Khanlou | How to build a system that syncs

February 17, 2012

How to build a system that syncs

Syncing is an incredibly hard problem to solve. If you have a small operation, many people will tell you to try to work around it somehow, or to outsource your syncing to iCloud or to Google. I wasn’t able to find any resources when I was working on the syncing in Fireside, so I thought about the problem for a while and solved it in a pretty good way. This post won’t have a bunch of code to just copy and paste, but, rather, instructions and a framework for how to create a system that works for you.

Considerations

I’m assuming if you’re looking beyond iCloud and other such syncing services, you’ve already got a pretty complex problem to solve. Maybe you want a website where users can access their data, maybe you’re looking towards other platforms, like Android. No matter what, there are several considerations that you want to take into account when creating this system.

The basics are pretty straightforward. You need a language for the computers to use to talk to each other. I like JSON; it’s light, fast, and parsers exist for every platform. Other options are XML or even binary plists, if you’re working with a WebObjects server and serving data mostly to Apple devices. You need an API, which should be really well thought-through, since you can’t really control when your app gets updated by the user, and you’ll need to essentially support those API endpoints forever. And finally, you need to decide how much ephemerality you want your data to have. Twitter is a very transient medium, and so Twitter clients might not want to use data that’s more than few days old. Other platforms will need all of the data all of the time. A user might want a Basecamp client that always has all their data. This is a client side problem, but, nevertheless, deciding this will help you design your APIs.

The amount of data being synced

The first thing to think about when syncing is how much data a user might want to keep in sync. If it’s just a few preferences and text strings, it’s much easier to just serve them all of the data they need every time, than to try to figure out what data the device needs at a given point. This is how subscription syncing in Fireside works. Even a user with hundreds of subscriptions might be an an API call of a couple of kilobytes. Since the majority of the lag on wireless mobile networks is latency, a couple of KB of served JSON document is pretty inconsequential.

If you have any more data than that, you should start thinking about how to segment your data such that the device doesn’t have to download more data than it needs to. This kind of segmentation is usually done using time, i.e., only download data since the last time the client synced.

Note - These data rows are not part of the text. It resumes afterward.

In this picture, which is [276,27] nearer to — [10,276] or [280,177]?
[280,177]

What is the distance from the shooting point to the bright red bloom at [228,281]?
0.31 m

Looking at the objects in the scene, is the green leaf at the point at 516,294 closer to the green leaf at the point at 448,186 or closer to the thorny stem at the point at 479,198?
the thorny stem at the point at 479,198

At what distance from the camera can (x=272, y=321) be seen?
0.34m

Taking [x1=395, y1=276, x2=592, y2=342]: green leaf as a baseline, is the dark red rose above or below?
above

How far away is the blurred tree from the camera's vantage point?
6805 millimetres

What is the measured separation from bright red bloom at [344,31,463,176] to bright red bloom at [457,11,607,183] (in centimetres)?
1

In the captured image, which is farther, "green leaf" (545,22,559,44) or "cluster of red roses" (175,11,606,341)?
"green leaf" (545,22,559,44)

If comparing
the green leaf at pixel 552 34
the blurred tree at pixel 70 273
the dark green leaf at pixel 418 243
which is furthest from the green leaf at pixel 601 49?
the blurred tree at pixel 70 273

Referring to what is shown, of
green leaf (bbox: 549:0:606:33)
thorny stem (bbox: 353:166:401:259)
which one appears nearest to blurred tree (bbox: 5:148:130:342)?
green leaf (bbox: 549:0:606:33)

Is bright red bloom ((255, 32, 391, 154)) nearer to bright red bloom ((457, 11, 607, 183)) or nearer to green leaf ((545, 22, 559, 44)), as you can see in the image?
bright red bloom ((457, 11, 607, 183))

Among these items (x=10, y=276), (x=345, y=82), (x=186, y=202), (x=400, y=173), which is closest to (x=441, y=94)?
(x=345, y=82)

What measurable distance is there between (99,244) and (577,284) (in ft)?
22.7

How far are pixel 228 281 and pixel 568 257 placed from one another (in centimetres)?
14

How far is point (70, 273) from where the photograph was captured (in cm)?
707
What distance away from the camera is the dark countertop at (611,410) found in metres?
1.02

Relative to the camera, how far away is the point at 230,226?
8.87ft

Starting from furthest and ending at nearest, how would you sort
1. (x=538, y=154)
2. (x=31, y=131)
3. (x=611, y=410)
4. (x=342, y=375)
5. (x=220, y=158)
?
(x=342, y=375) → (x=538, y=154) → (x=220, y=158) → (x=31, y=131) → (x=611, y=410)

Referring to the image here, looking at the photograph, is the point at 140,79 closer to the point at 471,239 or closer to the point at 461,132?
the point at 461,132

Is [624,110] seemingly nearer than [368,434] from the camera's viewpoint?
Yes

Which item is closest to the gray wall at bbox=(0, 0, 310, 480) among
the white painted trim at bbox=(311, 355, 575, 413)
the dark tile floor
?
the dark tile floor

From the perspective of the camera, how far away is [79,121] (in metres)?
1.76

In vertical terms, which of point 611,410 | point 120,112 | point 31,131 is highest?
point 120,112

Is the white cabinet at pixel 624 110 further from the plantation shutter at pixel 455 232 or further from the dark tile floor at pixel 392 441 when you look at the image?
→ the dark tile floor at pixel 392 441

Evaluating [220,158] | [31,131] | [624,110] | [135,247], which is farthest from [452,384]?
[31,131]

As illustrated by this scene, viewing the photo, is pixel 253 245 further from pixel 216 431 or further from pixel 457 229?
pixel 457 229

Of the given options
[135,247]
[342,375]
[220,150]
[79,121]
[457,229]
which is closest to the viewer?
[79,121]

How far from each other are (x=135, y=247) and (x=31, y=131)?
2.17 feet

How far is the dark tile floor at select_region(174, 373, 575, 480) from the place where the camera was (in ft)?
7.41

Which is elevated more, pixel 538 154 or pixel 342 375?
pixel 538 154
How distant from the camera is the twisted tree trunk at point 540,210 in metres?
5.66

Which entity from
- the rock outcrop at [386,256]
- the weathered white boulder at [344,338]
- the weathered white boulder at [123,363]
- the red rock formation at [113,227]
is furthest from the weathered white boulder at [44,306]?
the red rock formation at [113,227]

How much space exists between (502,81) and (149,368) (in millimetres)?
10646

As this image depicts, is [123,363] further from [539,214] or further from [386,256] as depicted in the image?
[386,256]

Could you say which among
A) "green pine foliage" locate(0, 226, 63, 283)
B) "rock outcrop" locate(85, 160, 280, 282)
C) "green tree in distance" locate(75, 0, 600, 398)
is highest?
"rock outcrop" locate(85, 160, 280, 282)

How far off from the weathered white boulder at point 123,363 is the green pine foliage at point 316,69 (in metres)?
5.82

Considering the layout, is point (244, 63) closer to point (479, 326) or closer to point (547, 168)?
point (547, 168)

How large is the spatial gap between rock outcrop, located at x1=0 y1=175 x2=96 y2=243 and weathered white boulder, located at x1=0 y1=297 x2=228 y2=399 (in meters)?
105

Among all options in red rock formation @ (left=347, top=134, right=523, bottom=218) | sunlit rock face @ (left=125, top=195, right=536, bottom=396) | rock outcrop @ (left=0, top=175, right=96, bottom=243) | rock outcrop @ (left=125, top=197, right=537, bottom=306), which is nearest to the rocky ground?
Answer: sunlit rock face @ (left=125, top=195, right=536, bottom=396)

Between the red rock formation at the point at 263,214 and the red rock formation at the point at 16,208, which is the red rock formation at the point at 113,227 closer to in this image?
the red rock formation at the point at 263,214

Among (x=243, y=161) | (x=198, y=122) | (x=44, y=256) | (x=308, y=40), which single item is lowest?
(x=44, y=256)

Also, consider the amount of data you want on the client. Twitter clients don’t (and reliably can’t) access all the data in your Twitter account, and Twitter is designed to show you what’s fresh and relevant, so it’s not even important for them to download old stuff to your device.

Quantization

The next step is to quantize your data. A quantum of data is essentially the smallest unit that needs to stay in sync. For a service like Fireside, these are the properties of the podcast, such as any detail about the user’s interactions with that podcast (i.e., stars, playback location, archival status, etc). For Twitter, it’s a tweet. Separating your data into units like this is probably already done, but it’s crucial for updating these units on the server in a way that assures the user’s intents are properly synched. We’ll discuss this more in conflict resolution.

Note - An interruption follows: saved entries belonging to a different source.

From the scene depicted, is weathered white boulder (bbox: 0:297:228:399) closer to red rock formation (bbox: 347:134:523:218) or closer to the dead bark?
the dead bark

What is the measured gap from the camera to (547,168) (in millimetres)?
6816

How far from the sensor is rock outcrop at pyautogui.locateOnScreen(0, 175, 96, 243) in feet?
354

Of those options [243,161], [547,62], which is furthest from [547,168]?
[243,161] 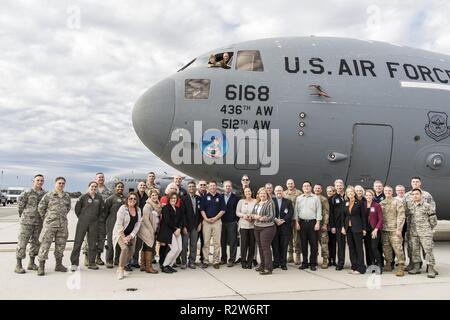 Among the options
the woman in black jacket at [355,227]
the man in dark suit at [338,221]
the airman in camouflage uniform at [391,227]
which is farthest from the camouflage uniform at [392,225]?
the man in dark suit at [338,221]

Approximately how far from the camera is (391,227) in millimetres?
8438

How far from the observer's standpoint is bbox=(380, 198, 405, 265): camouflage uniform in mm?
8258

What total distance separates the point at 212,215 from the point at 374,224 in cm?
350

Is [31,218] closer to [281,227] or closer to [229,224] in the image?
[229,224]

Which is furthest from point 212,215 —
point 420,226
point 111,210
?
point 420,226

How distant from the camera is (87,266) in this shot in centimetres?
856

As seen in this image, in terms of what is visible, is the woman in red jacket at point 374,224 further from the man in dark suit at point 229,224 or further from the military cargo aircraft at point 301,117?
the man in dark suit at point 229,224

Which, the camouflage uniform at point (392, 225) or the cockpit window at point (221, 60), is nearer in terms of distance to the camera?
the camouflage uniform at point (392, 225)

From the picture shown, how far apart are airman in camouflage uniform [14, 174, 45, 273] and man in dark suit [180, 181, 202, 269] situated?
3003 mm

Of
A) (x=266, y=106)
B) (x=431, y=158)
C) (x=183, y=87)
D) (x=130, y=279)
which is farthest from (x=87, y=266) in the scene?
(x=431, y=158)

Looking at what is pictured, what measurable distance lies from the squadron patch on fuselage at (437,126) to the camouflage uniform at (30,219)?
10.1 meters

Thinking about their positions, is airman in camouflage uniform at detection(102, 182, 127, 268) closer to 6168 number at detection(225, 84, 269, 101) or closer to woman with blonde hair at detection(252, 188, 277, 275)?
woman with blonde hair at detection(252, 188, 277, 275)

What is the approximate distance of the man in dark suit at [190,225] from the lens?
28.3 feet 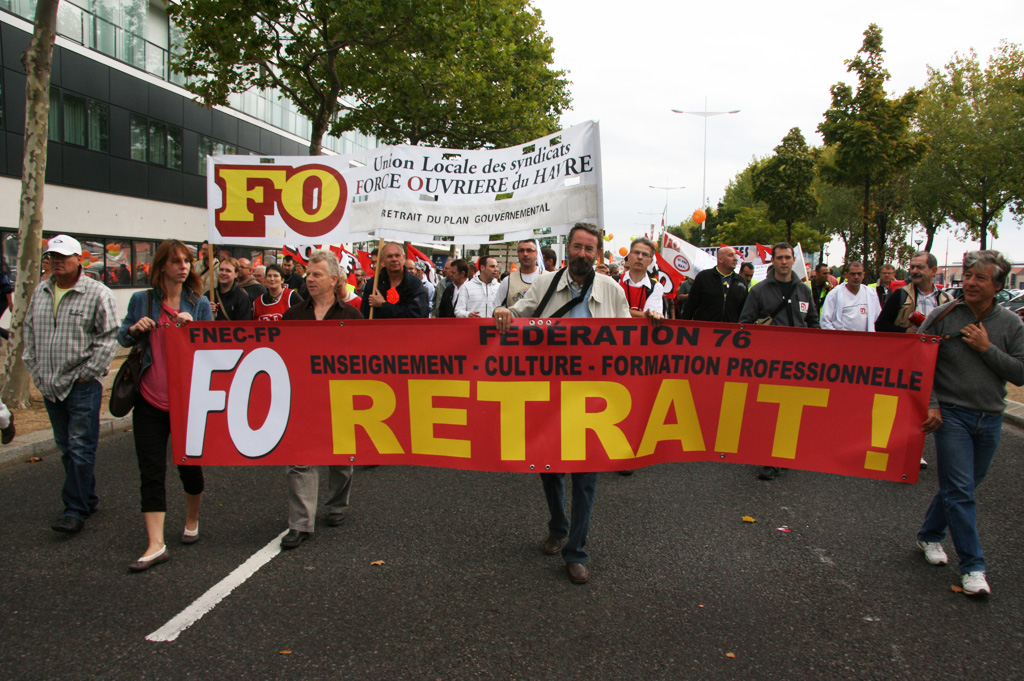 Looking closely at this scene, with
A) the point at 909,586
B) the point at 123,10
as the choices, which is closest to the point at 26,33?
the point at 123,10

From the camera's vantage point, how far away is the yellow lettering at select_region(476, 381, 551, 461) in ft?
14.3

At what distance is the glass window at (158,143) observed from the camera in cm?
2264

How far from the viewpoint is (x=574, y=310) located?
174 inches

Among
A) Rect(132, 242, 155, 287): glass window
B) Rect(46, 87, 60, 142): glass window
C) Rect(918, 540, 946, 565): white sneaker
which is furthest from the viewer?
Rect(132, 242, 155, 287): glass window

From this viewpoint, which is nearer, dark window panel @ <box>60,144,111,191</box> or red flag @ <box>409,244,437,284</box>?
red flag @ <box>409,244,437,284</box>

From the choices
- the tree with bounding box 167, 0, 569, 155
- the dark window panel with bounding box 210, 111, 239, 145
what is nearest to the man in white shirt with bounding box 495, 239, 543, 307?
the tree with bounding box 167, 0, 569, 155

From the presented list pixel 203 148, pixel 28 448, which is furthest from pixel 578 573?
pixel 203 148

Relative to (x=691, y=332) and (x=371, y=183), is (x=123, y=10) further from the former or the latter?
(x=691, y=332)

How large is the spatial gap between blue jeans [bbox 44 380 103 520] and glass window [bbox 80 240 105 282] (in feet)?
55.5

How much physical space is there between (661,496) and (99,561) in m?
3.89

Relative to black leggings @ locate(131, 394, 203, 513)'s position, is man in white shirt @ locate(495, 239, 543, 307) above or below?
above

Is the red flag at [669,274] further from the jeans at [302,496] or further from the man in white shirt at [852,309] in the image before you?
the jeans at [302,496]

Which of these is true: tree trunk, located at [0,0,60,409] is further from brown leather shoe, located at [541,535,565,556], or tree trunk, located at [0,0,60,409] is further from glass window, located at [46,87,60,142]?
glass window, located at [46,87,60,142]

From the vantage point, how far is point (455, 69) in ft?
70.9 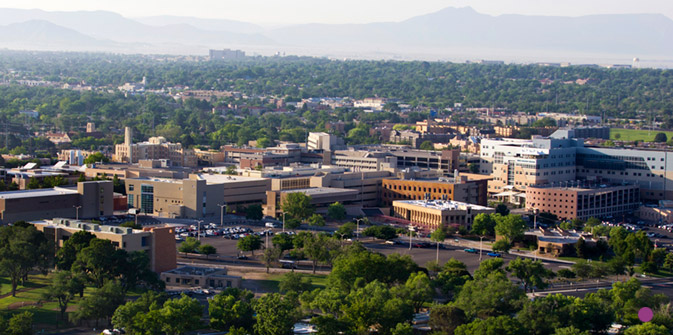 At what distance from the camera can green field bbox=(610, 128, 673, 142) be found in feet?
236

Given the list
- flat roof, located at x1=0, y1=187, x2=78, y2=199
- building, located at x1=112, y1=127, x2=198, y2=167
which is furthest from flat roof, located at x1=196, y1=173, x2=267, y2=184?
building, located at x1=112, y1=127, x2=198, y2=167

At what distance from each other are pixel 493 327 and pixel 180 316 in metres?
5.40

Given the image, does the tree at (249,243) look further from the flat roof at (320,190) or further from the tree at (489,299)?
the tree at (489,299)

Divorce the metadata from the data

Until Instapaper 4.0, the app didn’t show articles until the article itself was downloaded onto the device. This meant that the process was slow and the user had no idea how many articles were coming in until the app was done downloading the content of the article itself. Currently, as of 4.0.1, it shows the list, and lets the user know which articles haven’t downloaded yet. If you are syncing something with a significant amount of data (articles, podcasts, images), separate it from the metadata, since metadata downloads much faster, and you can present the user with that information before actually having it on the device. Something like tweets or Facebook wall posts are probably small enough to not worry about.

Offline data

Storing the data in a persistent way on the client side is crucial. It’s nice to pretend that we have always-connected devices, but many users live in rural areas with slower mobile networks, have bandwidth limitations, use non-cellular devices (like iPods and iPads), and are on planes and subways. I can’t count the number of times I’ve tried to use a service like Tweet Marker in an area with very high latency. It’s unbearable. Assuming that the server will always be available and will always be quick is a huge mistake. Clever usage of local databases and sync queues can make the user feel like your service is faster and more available than it actually is.

Queueing, offline syncing, and persistence

Not only should you worry about the data you read being available offline, you also should consider that the actions the user might take while offline. On the client, especially on wireless mobile networks, you can’t always rely on your HTTP connection successfully connecting. To solve this problem, you can queue the user’s intent to perform an action (like starring a tweet: I’m looking at you, Tweetbot), and only remove that action from the queue when you’ve seen that the HTTP connection has been completed. If your client is designed on iOS, using NSOperation and NSOperationQueue can make your life much easier, but it sort of behaves as a black box, and you have to use KVO to get any useful information out of it.

You also want to think about what happens when the user performs a bunch of actions (in the subway, for example) and closes the app, which gets quit by the system at some point. When the app opens again, the user will expect to see their actions having propagated across your system, so you have to store the users actions in a persistent way (serialized on disk) so that the system works the way the user expects. Offline actions aren’t strictly necessary, but can delight the user, and should at least be considered.

Conflict Resolution

Here’s where creating a sync API gets fun. If you have an offline, persistent queue, then the user might create conflicting states. She might change one of her objects A to a state B, at a point when the system doesn’t have network access; later, perhaps on a different device, she updates object A to state C successfully; and finally, the original device regains a network connection and tries to change the state of object A to state B. There’s several ways to handle this.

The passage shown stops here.